→ Information shown:
Start of Block
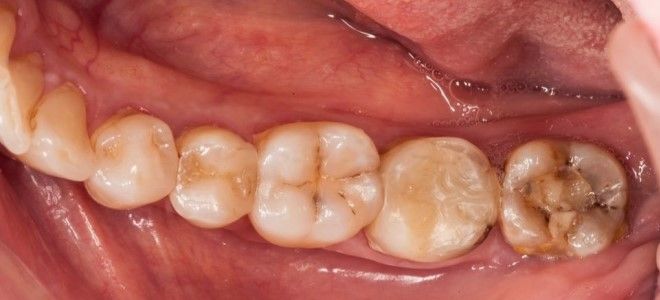 пульпит зуба мудрости пульпит зуба мудрости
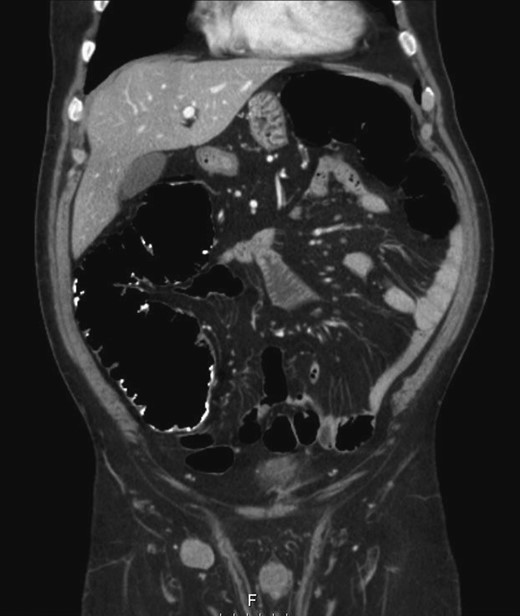 Right inguinal lymphadenopathy in colonography by computerized tomography.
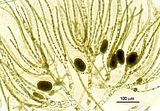 Corynophlaea hamelii3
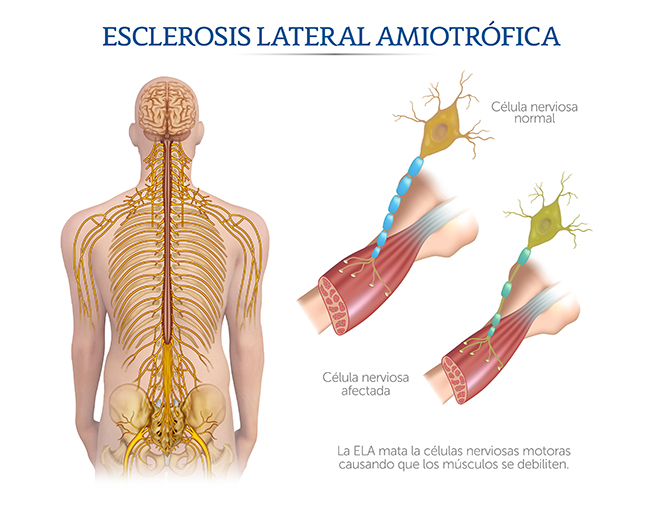 ELA y sistema nervioso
End of Block
→ Problem requirements: Write the listing above out again exactly, dropping each image.

→ Output below:
 пульпит зуба мудрости пульпит зуба мудрости
 Right inguinal lymphadenopathy in colonography by computerized tomography.
 Corynophlaea hamelii3
 ELA y sistema nervioso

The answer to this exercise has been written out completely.